* **What the task requires**
Retype the entries below exactly, dropping the images.

* **Crawled caption data**
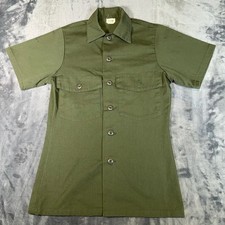 Vintage US Army OG-507 Utility Men's Shirt Small Military Fatigue Green 80s USA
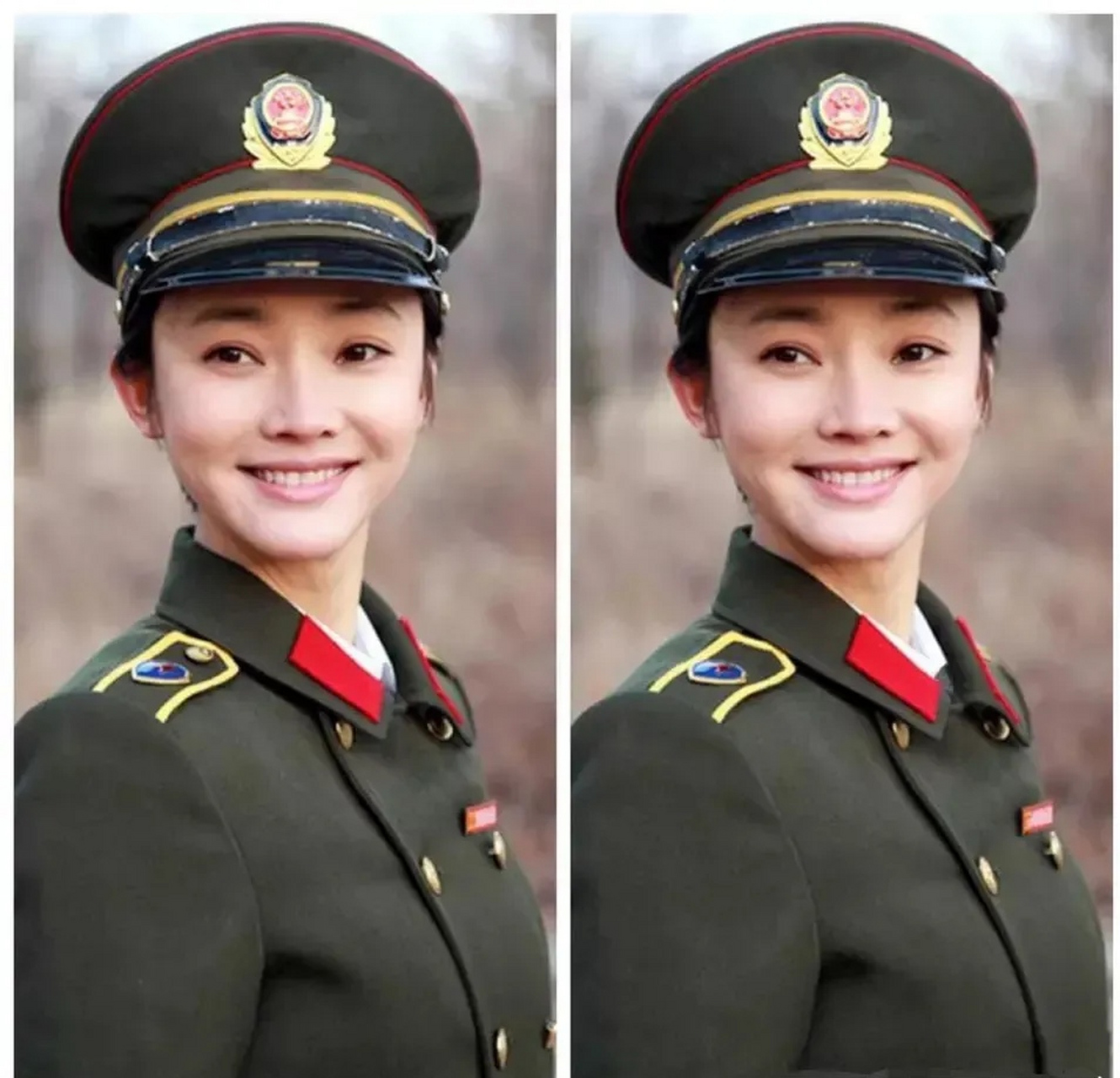 考眼力找不同:  图中是一个头戴军帽, 身穿军装, 面露甜美微笑的女孩!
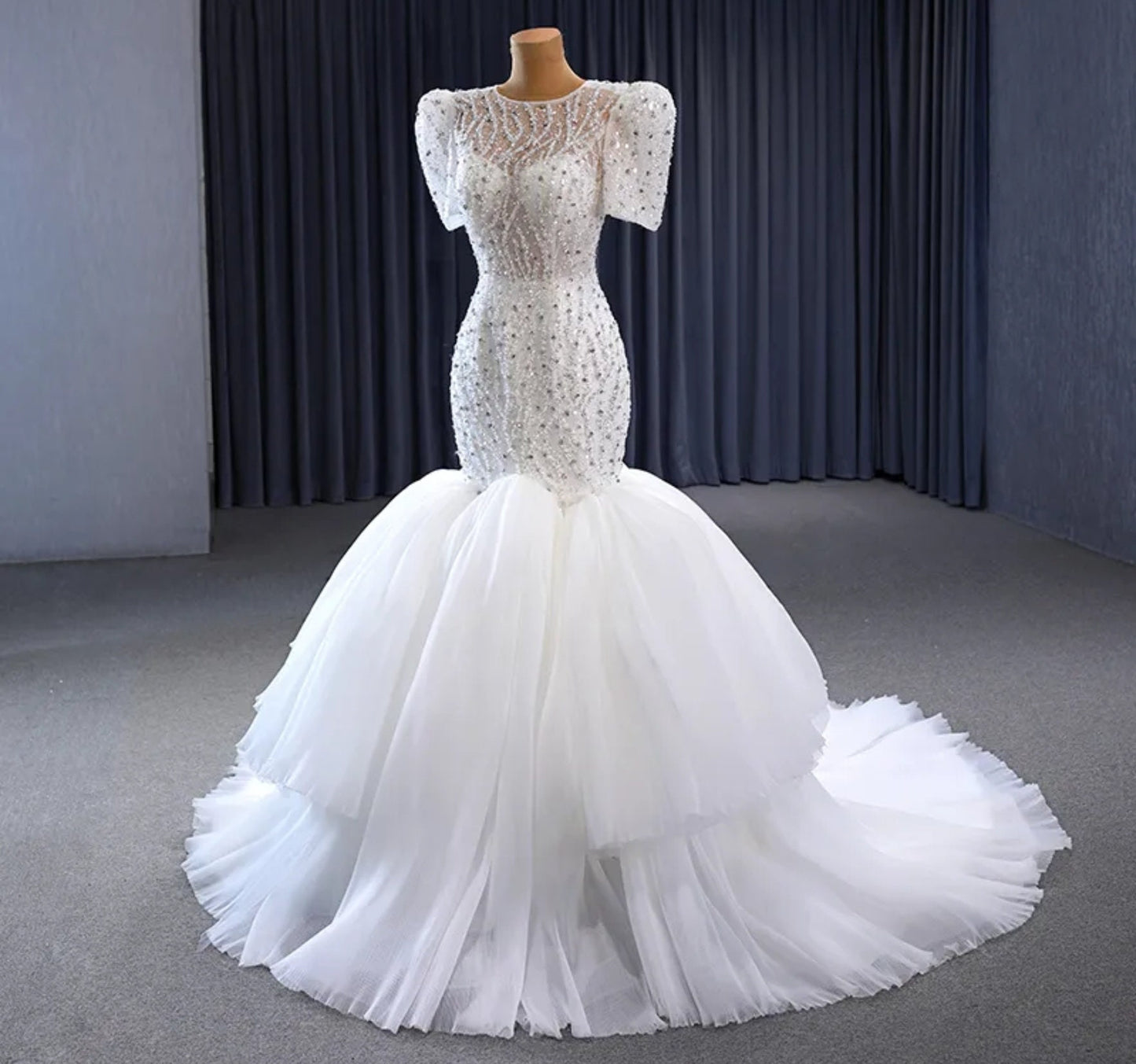 Fit & Flare Sequin Beaded Illusion Bodice With Layered Frill Fishtail Gown
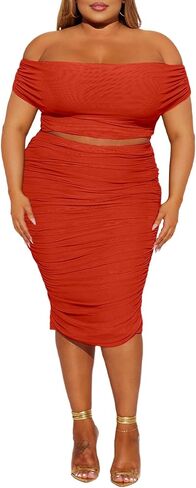 2 Piece Skirt Set Sexy Mesh Ruched Bodycon Tube Top Cocktail Party Midi Dress Club Outfits in Kuwait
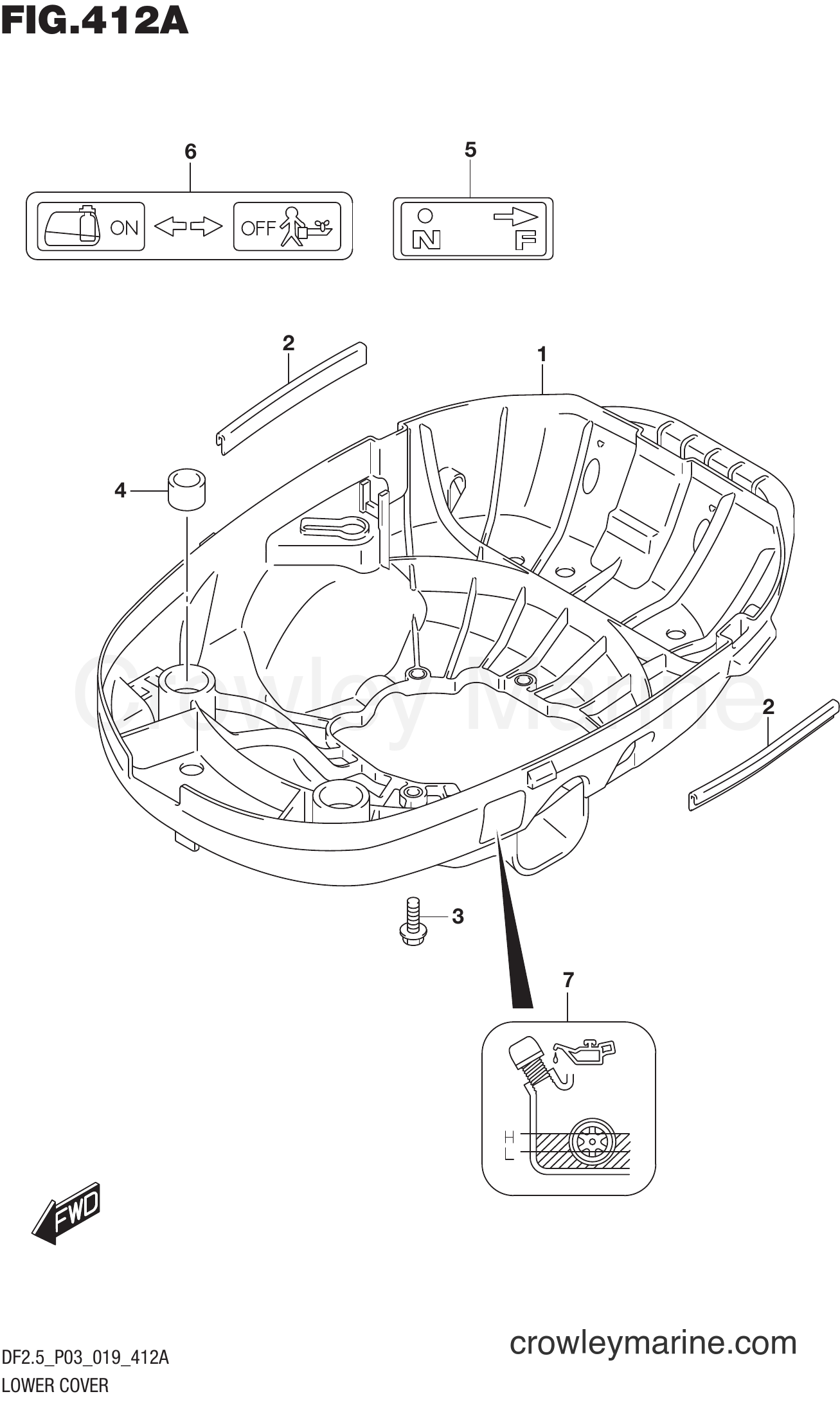 Suzuki Marine DF2.5 00252F-910001~ - LOWER COVER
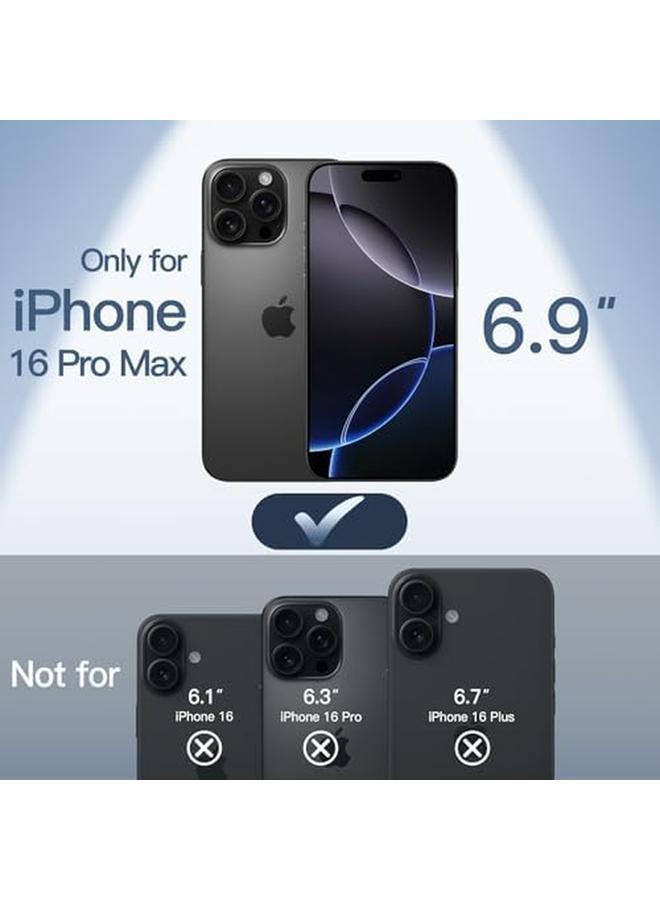 جي تيك جراب رفيع للغاية 0.35 مم لهاتف Iphone 16 Pro Max مقاس 6.9 بوصة مع حماية كاملة لعدسة الكاميرا، خفيف الوزن، غير لامع، غطاء صلب من البولي بروبلين، بسيط، أسود - Image 2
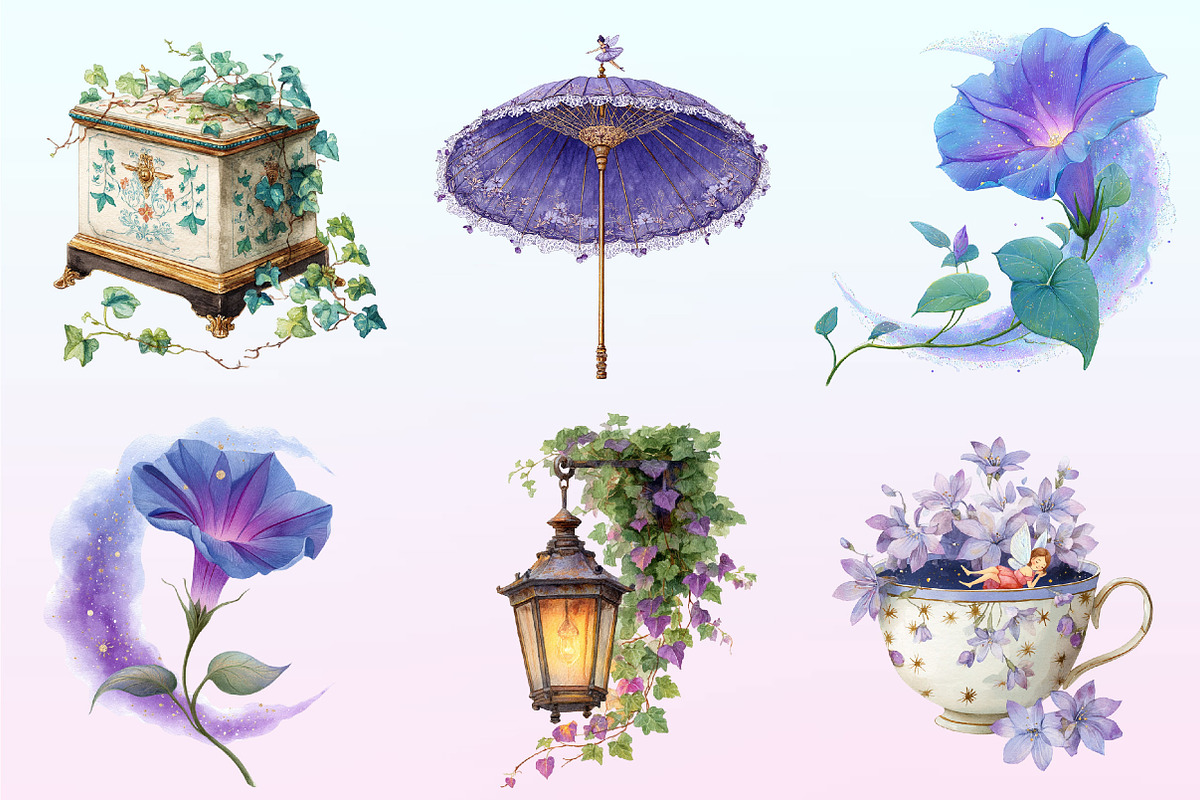 Magical Garden Purple Fairies, a Graphic by CitraGraphics (Photo 2 of 4)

* **Answer below**
 Vintage US Army OG-507 Utility Men's Shirt Small Military Fatigue Green 80s USA
 考眼力找不同:  图中是一个头戴军帽, 身穿军装, 面露甜美微笑的女孩!
 Fit & Flare Sequin Beaded Illusion Bodice With Layered Frill Fishtail Gown
 2 Piece Skirt Set Sexy Mesh Ruched Bodycon Tube Top Cocktail Party Midi Dress Club Outfits in Kuwait
 Suzuki Marine DF2.5 00252F-910001~ - LOWER COVER
 جي تيك جراب رفيع للغاية 0.35 مم لهاتف Iphone 16 Pro Max مقاس 6.9 بوصة مع حماية كاملة لعدسة الكاميرا، خفيف الوزن، غير لامع، غطاء صلب من البولي بروبلين، بسيط، أسود - Image 2
 Magical Garden Purple Fairies, a Graphic by CitraGraphics (Photo 2 of 4)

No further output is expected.